For me, now is an interesting time to return to my work on this marsh. While my current project is much more about (freshwater) wetland hydrology, my previous work is closer to coastal engineering. The difference between these things can be typical academic hair-splitting, but at its core, engineers are "scientifically-trained technician[s] in public service," according to this history of coastal engineering. Coastal engineers are a subset of civil engineers focused on coastal processes. Engineers have a nerdy focus and applied, beneficial intent: in my work, it was about understanding the technical details of successful marsh restoration.
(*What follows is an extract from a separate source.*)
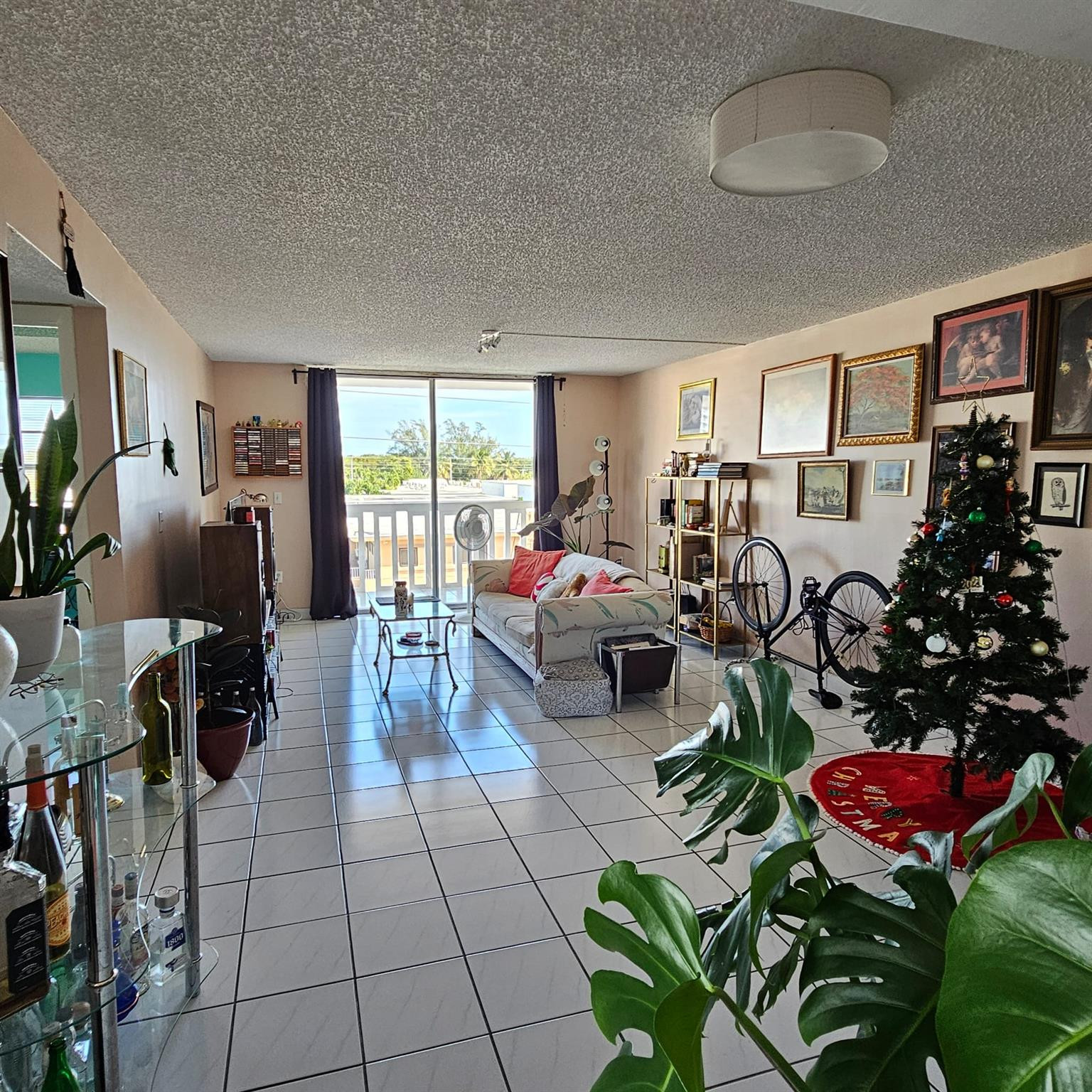 8530 Byron Avenue, Unit 406 Miami Beach, FL 33141 - Photo 4 of 35 a living room with furniture a chandelier and a window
"Coastal Engineering" as a distinct discipline is a relatively young field in the USA. As that history document linked above attests, people have made technical decisions to modify the coasts for eons, often towards maintenance of ports, but the field only became somewhat codified in the first third of the 20th century. Coastal engineering splintered off of civil engineering when American beaches began eroding, as they suffered the long-term consequences of jetties installed on beaches and dams installed upstream, and money was put towards management of these problems. A heavy injection of research money then came from the military during World War II, to research wave conditions to plan the Normandy Landings. This influx of purpose and organizing caused decades of ripple effects in coastal engineering, allowing the field to mature in the 50s, 60s, and 70s. Because they have jurisdiction to manage most of the coastal waterways and coastal protections in the United States, The Army Corps of Engineers is one of the leading institutions of the field: their 1984 Shore Protection Manual is still (!) a go-to reference.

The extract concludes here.